In his conversations with Sonu Shamdasani regarding Jung’s Red Book, James Hillman (2013) made the following observation:

Jung says there that we think the figures we uncover in our dreams or in active imagination are the result of us, but he says we are the result of them. Our life should be derived from them. We just think of it wrong. . . . Jung is saying these figures come to us in our dreams and even our thoughts derive from these figures, so the task would be uncovering the figures, which seems to be what the Red Book does. He allows the figures to speak, to show themselves. (pp. 1-2)
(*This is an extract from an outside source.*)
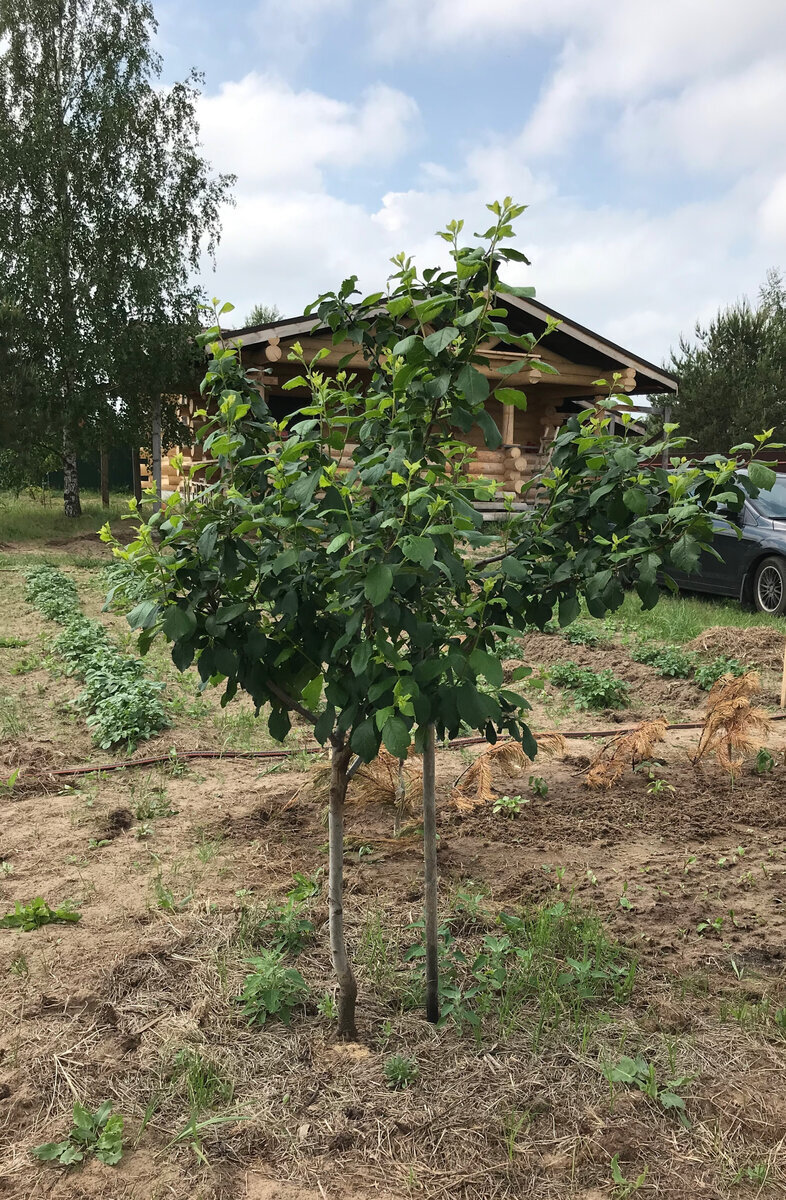 31.05.2019 год - дереву 2 года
Jung and Hillman both assert that the psyche presents us with an inversion of our habitual ego-based mode of thinking and perceiving. It is not the dream that lives inside my sleeping mind; rather, it is my sleeping mind that comes to life inside the dream. The images don’t belong to us; we belong to them. This is one of the fundamental postulates of Dream Tending (Aizenstat, 2009). The images alive in our dreams are autonomous entities revealing their unique capacities and perspectives, offering new modes of responding to old questions. It is through tending these living images, growing familiar with them that they reveal their gifts. It is through sustaining an enduring relationship with them over time that we truly receive the gifts they reveal.
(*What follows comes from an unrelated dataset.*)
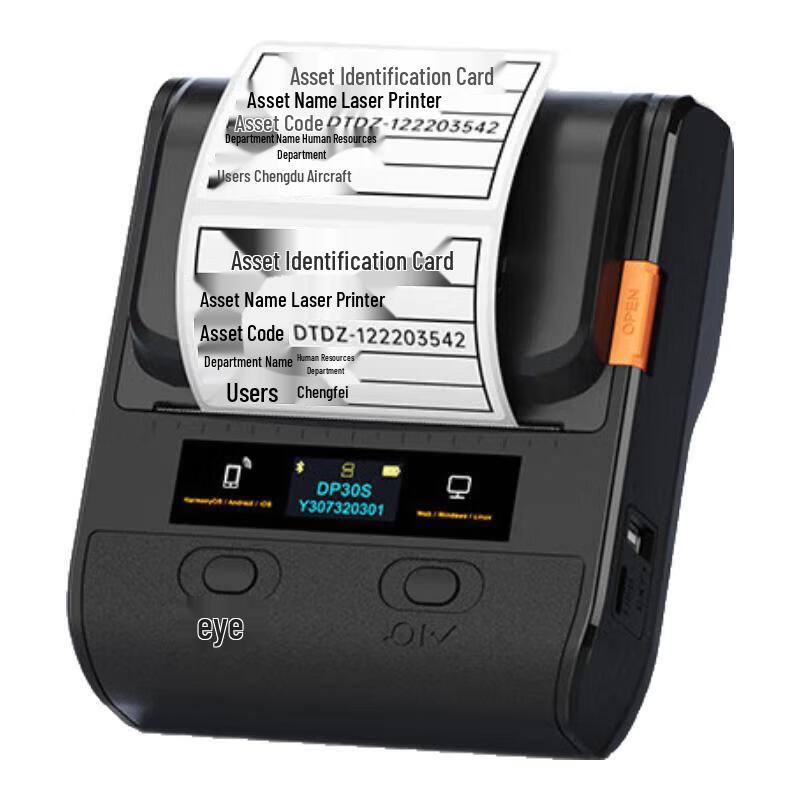 Detong DP30S Portable Label Printer CN plug (adapter included)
Inverting the habitual ways of thinking about dream images can be challenging and disconcerting. Yet the idea of the autonomous dream figure encountered through the imagination is fundamental to the practice of Dream Tending. The idea is elegant, simple, and rich with profound implications. It is these same qualities that make lullabies such a subtle and enduring expression of psychic life. The lullaby soothes us as we begin the descent into the unfamiliar terrain of the dream, just as it beckons and encourages the images of the underworld landscape to show themselves and to speak on their own behalf, revealing that which lives unfinished in the past and gestures toward our future.

References

Aizenstat, S. (2009). Dream tending. New Orleans, LA: Spring Journal.
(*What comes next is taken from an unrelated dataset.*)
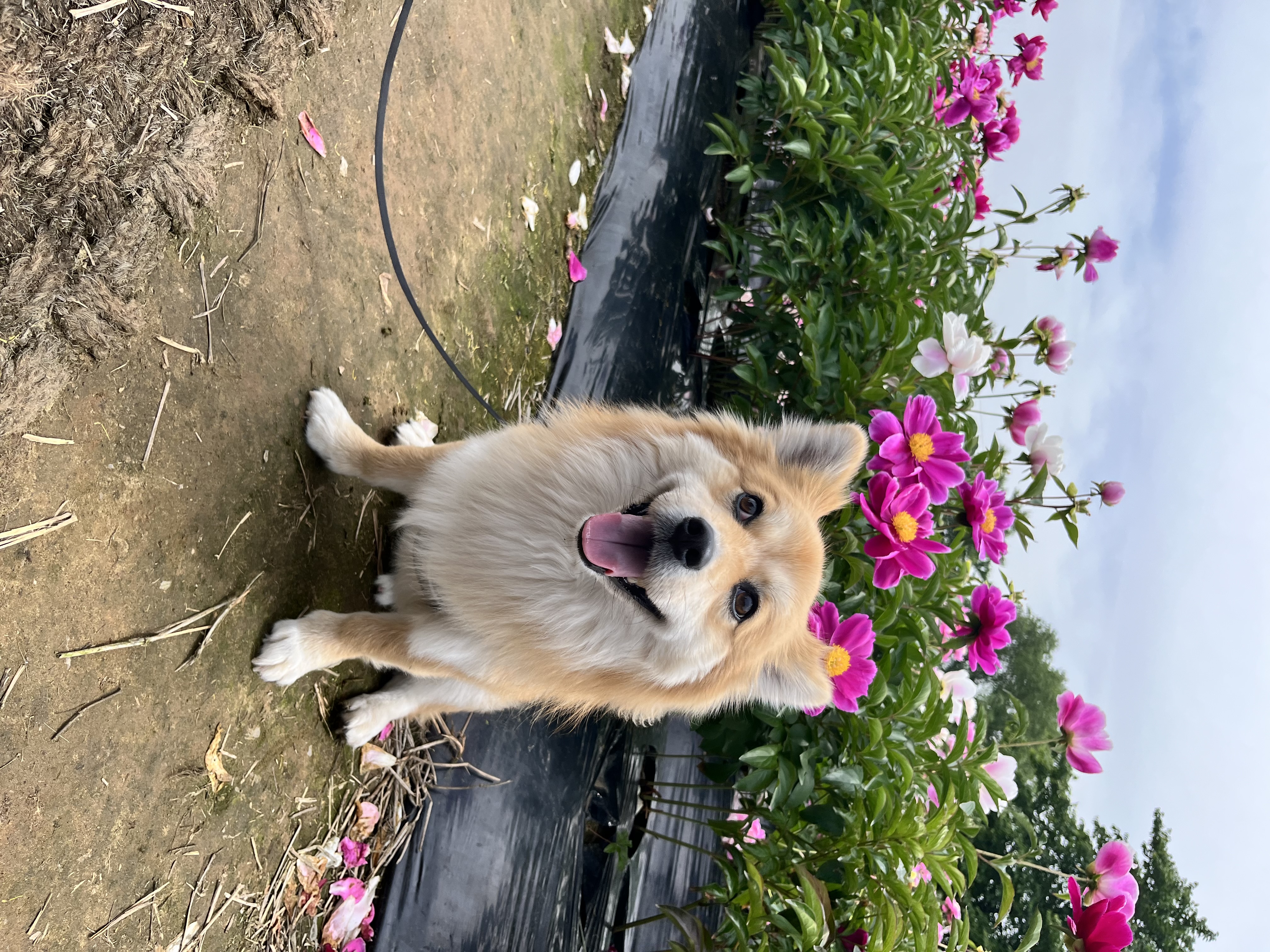 첨부파일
Goodchild, V. (2012). Songlines of the soul. Lake Worth, FL: Nicholas-Hays, Inc.

Hillman, J. (1979). The dream and the underworld. New York: Harper & Row.

Hillman, J., & Shamdasani, S. (2013). Lament of the dead. New York: W. W. Norton and Company.

Jung, C. G. (1977). Two essays on analytical psychology. In H. Read, M. Fordham, & G. Adler (Eds.), The collected works of C. G. Jung (Vol. 7) (R. F. C. Hull, Trans.). Princeton, NJ: Princeton University. (Original work published 1917)

Jung, C. G. (1989). Memories, dreams, reflections (A. Jaffé, Ed.), (R. & C. Winston, Trans.). New York: Vintage Books.

Jung, C. G. (2009). The red book: Liber novus (S. Shamdasani, Ed.), (M. Kyburz, Trans.). New York: W. W. Norton and Company.

Nichols, B. (Ed.). (2011). American heritage dictionary (5th ed.). Boston, MA: Houghton Mifflin Harcourt.